Bowl of roasted cauliflower soup with cheese.

What sets this roasted cauliflower soup apart from the rest is definitely its deep, rich flavors. The caramelized veggies and roasted garlic add warmth, earthiness, and a bit of sweetness; the gouda cheese adds a nice and subtle smokiness. It’s so incredibly cozy and fabulously easy! All that’s involved is some roasting, blending, and a quick simmer. I can guarantee this will become one of your favorite soups.

If you’re looking for more easy blender soups, check out my curry pumpkin cauliflower soup or this classic homemade tomato soup.

Why You’ll Love This Soup

  • It’s healthier—This recipe calls for milk instead of cream, and we’re only using 4 oz of cheese as opposed to a full 8 oz. Still, the soup is velvety, hearty, and comforting.
  • It’s SO flavorful—Along with the cauliflower, the onions and garlic hit the roasting pan too. And instead of using the usual cheddar that’s used in cauliflower soups, I opted for a smoked gouda. It really sets this soup apart!
  • It’s quick & easy—There isn’t a lot of prep work or chopping involved, and most of the cooking happens on the sheet pan.

Roasted Cauliflower Soup With Cheese Ingredients

Ingredients for roasted cauliflower soup on a marble background.

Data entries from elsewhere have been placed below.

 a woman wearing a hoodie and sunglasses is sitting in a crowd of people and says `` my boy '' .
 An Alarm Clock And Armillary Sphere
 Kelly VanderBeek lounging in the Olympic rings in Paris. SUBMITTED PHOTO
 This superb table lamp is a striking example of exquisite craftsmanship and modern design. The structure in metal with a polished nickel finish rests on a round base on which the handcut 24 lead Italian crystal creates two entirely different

A full ingredient list with exact measurements can be found in the recipe card below.

  • Smoked gouda—This is the ingredient that really sets this soup apart. The subtle smokiness and sweetness is so perfect!
  • Rosemary—I use fresh, which is preferred, but you could use 1 teaspoon of dried rosemary in a pinch.
  • Nutmeg—Grating some fresh nutmeg into this soup creates a deep nutty flavor. You don’t need much, so definitely stick to the measurements!
  • Garlic—An entire head of garlic is used in this recipe. That might sound like a lot, the roasting process really tames the pungency and brings on sweet earthy flavors that work wonders in this soup.

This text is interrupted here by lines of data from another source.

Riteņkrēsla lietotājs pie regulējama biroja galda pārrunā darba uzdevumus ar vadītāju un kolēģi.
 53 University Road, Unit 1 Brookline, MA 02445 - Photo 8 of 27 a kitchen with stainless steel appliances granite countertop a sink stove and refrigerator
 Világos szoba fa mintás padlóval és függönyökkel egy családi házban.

Recipe Variations & Modifications

  • Herbs—Sage would also be great in this soup as it has the same warming flavor as rosemary. If you like spicy, you can add some chili flakes.
  • Cheese—This recipe will work with other cheese varieties, like cheddar or gruyère. But I highly recommend the smoked gouda—it makes the soup!
  • Broth—Chicken broth can be used if you aren’t worried about this being a vegetarian soup.

Recipe Tip

If you want a bit of texture to your soup, put aside about 1/2 cup of the roasted cauliflower. Roughly chop it up and once the soup is done and the cheese has melted into it, stir in the chopped cauliflower. I prefer the soup this way!

How to Make Roasted Cauliflower Soup

Cauliflower and onions tossed in olive oil and rosemary in a glass bowl.

Step 1. Preheat the oven to 400º F. Place the cauliflower florets and onion wedges into a large mixing bowl. Drizzle with olive oil, then sprinkle with the fresh rosemary, salt, and black pepper. Toss to evenly coat.

Head of garlic in tinfoil drizzled with olive oil.

Step 2. Remove the excess papery outer peels from the head of garlic. With a sharp knife, cut about 1/4″ from the top of the head, exposing the tips of the garlic. Place it in some tinfoil, drizzle with olive oil, and loosely close up the foil to cover.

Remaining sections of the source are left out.